Data under study:
================================

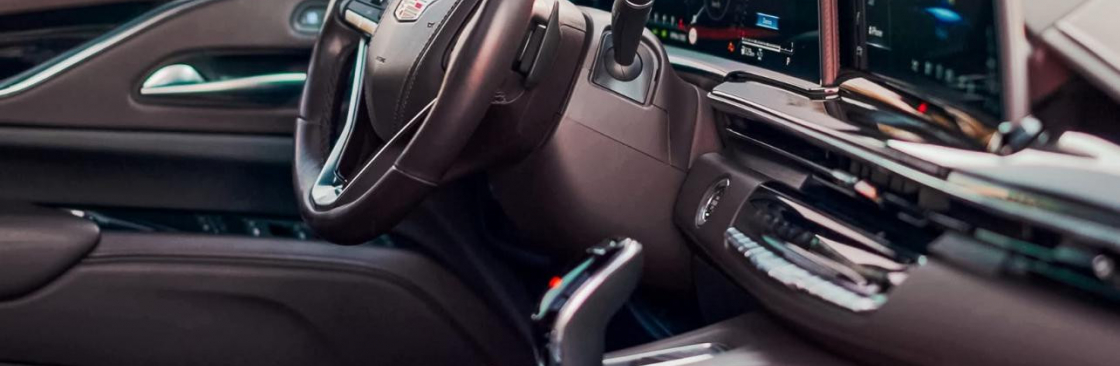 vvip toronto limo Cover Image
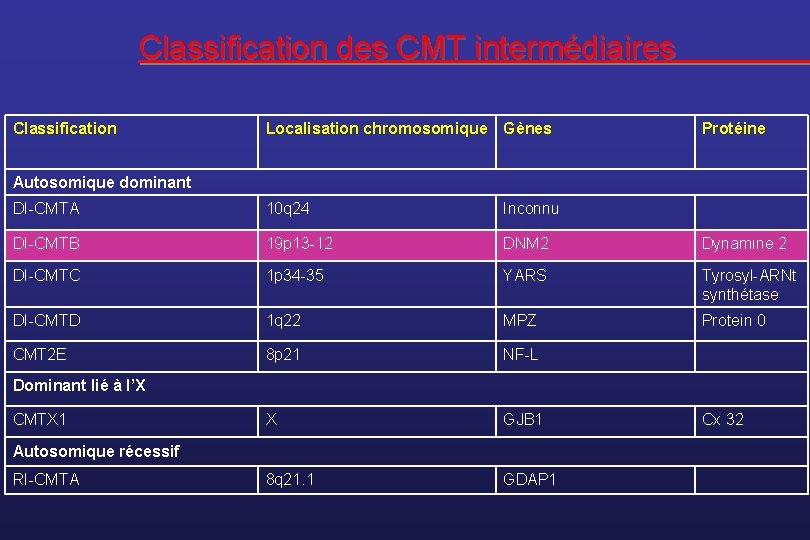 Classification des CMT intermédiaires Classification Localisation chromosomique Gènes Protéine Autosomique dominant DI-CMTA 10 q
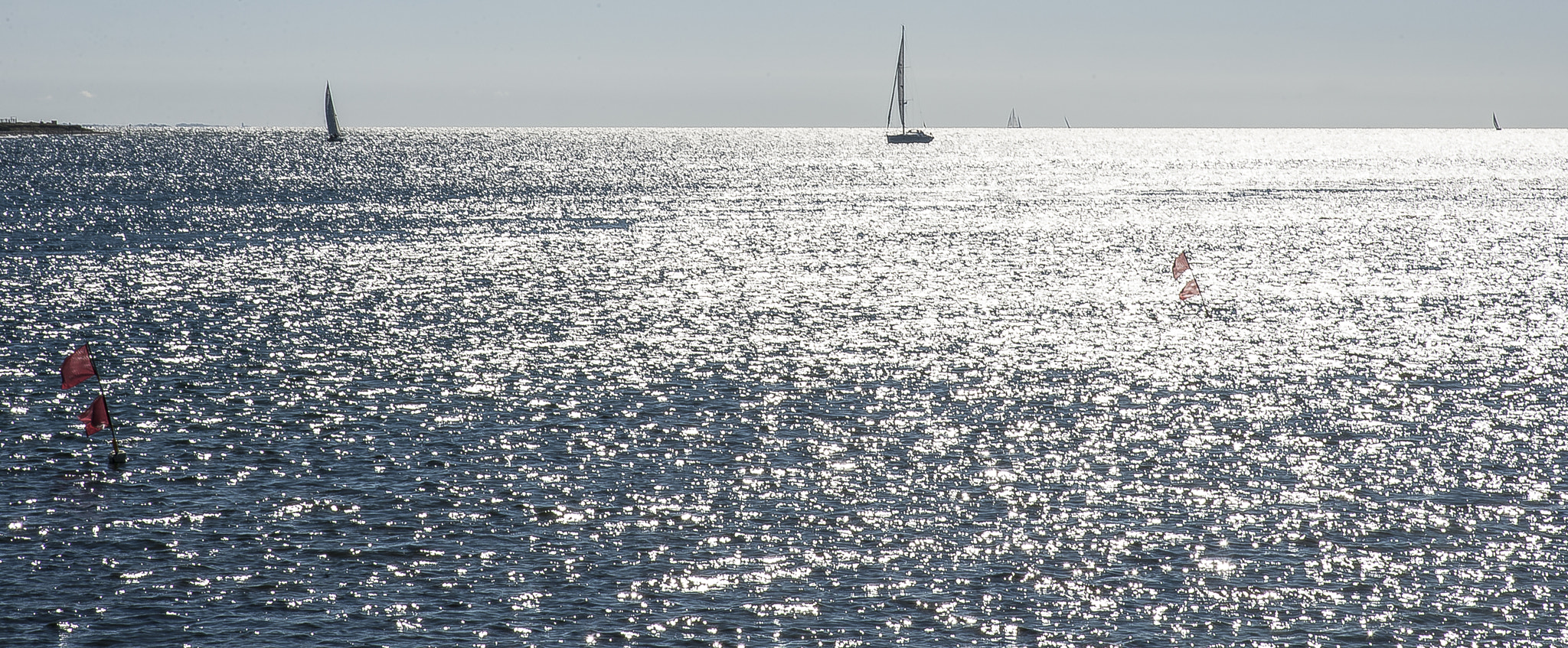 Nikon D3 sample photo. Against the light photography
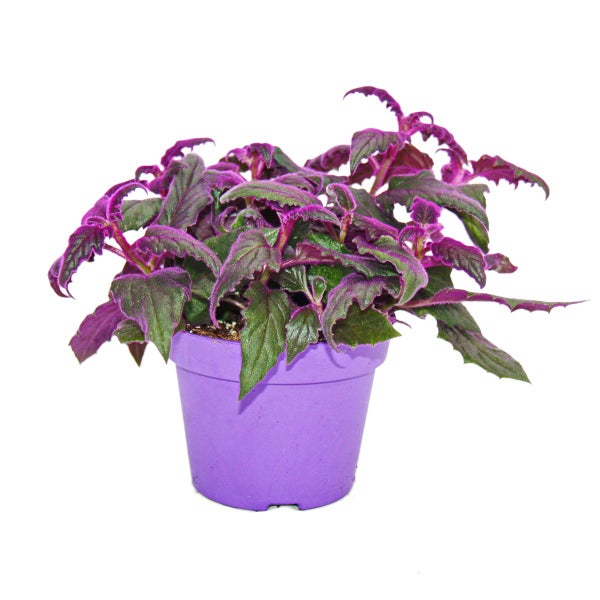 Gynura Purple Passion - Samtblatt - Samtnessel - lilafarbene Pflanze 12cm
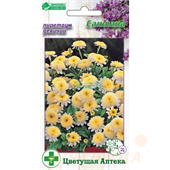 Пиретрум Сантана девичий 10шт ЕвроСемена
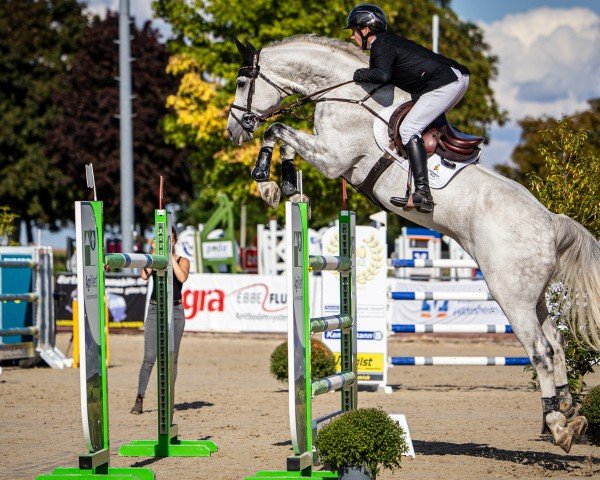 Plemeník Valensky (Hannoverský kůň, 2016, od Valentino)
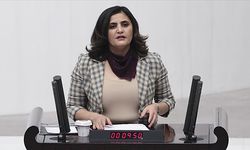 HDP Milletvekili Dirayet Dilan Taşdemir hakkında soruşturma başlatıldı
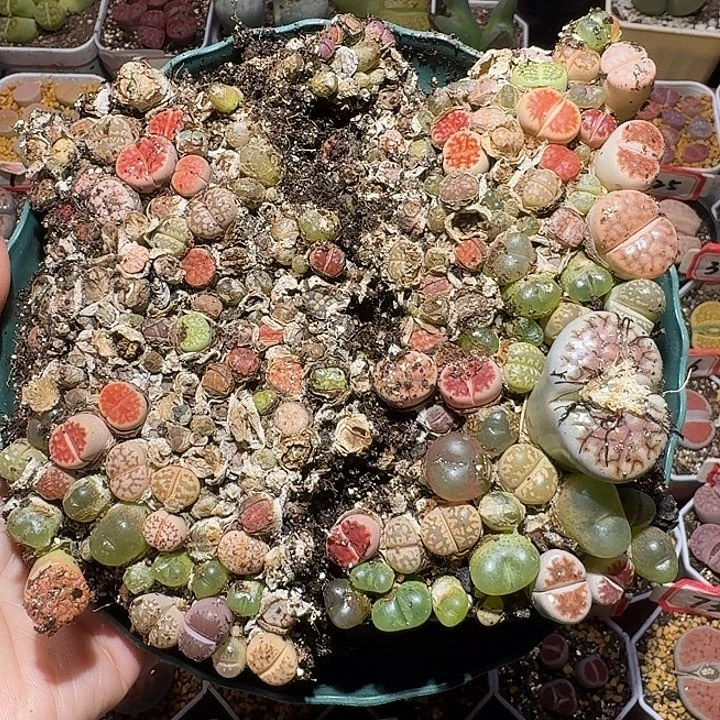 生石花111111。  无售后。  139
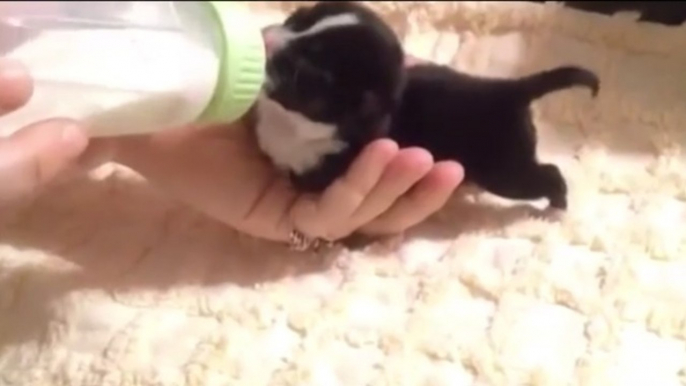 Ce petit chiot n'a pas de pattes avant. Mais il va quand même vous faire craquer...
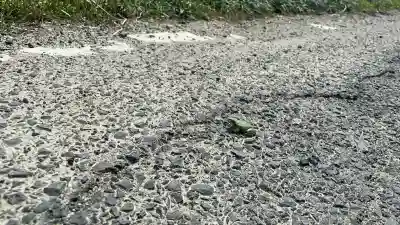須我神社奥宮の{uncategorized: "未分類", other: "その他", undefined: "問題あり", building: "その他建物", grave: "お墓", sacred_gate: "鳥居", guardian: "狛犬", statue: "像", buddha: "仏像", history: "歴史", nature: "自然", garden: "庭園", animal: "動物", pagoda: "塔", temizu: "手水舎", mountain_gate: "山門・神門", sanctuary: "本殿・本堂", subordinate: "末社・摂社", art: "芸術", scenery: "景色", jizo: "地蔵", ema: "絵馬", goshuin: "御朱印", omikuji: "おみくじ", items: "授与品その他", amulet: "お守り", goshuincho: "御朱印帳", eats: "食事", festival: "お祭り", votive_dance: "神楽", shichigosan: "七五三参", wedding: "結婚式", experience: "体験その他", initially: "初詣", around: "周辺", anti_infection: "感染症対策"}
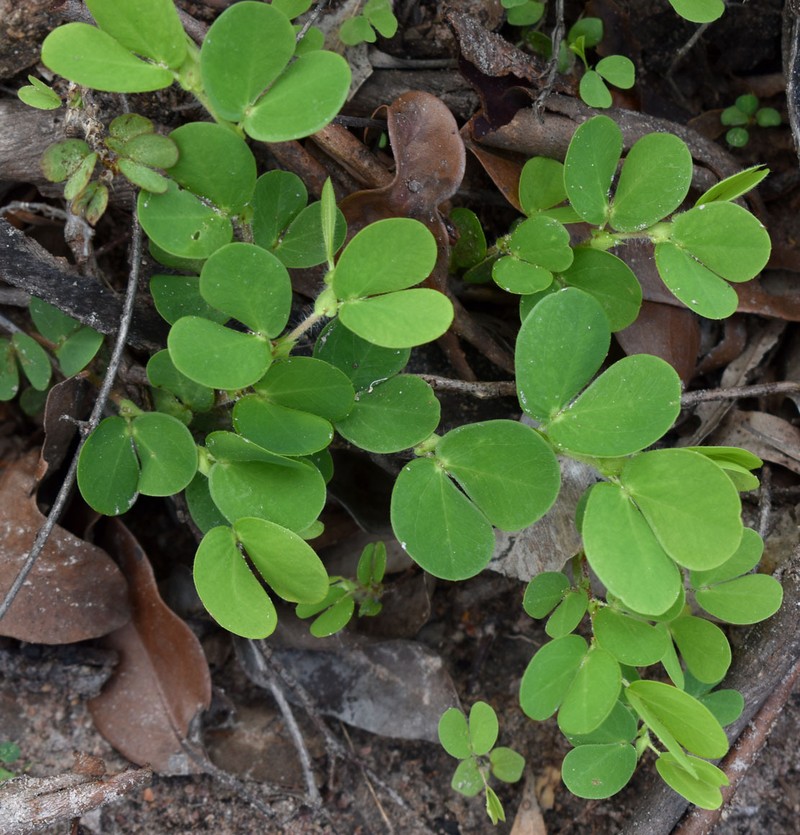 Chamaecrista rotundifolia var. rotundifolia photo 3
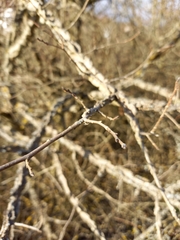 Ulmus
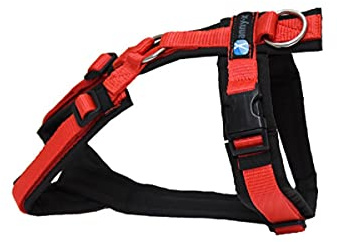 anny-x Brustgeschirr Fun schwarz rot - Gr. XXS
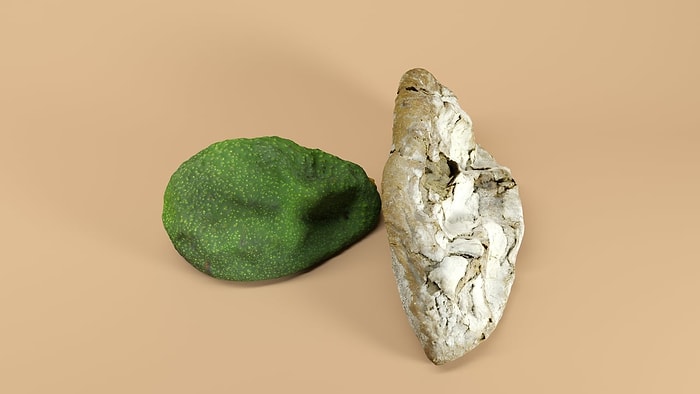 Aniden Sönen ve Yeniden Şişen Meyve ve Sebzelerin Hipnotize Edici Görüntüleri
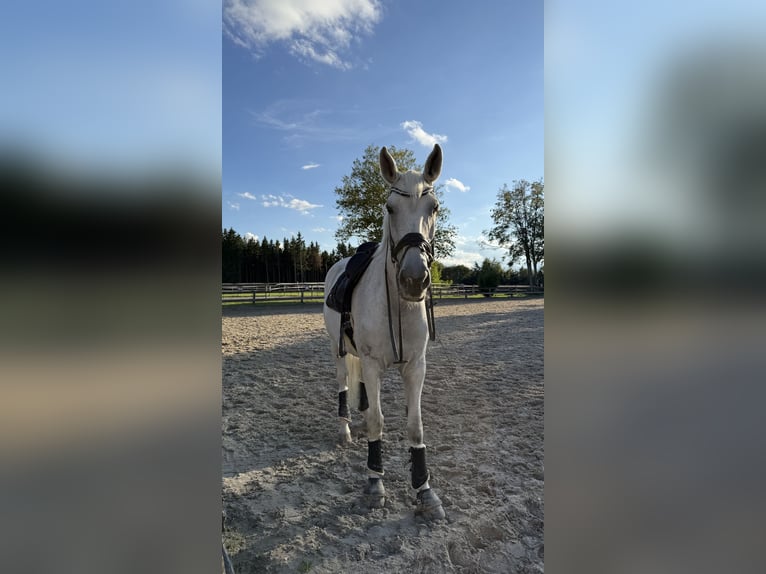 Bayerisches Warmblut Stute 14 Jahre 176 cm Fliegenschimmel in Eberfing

================================

What the task requires: Within the listing above, find the line containing "Nikon D3 sample" and the line containing "Ce petit chiot". Transcribe them and everything between them exactly, leaving out the pictures.

Expected answer:
 Nikon D3 sample photo. Against the light photography
 Gynura Purple Passion - Samtblatt - Samtnessel - lilafarbene Pflanze 12cm
 Пиретрум Сантана девичий 10шт ЕвроСемена
 Plemeník Valensky (Hannoverský kůň, 2016, od Valentino)
 HDP Milletvekili Dirayet Dilan Taşdemir hakkında soruşturma başlatıldı
 生石花111111。  无售后。  139
 Ce petit chiot n'a pas de pattes avant. Mais il va quand même vous faire craquer...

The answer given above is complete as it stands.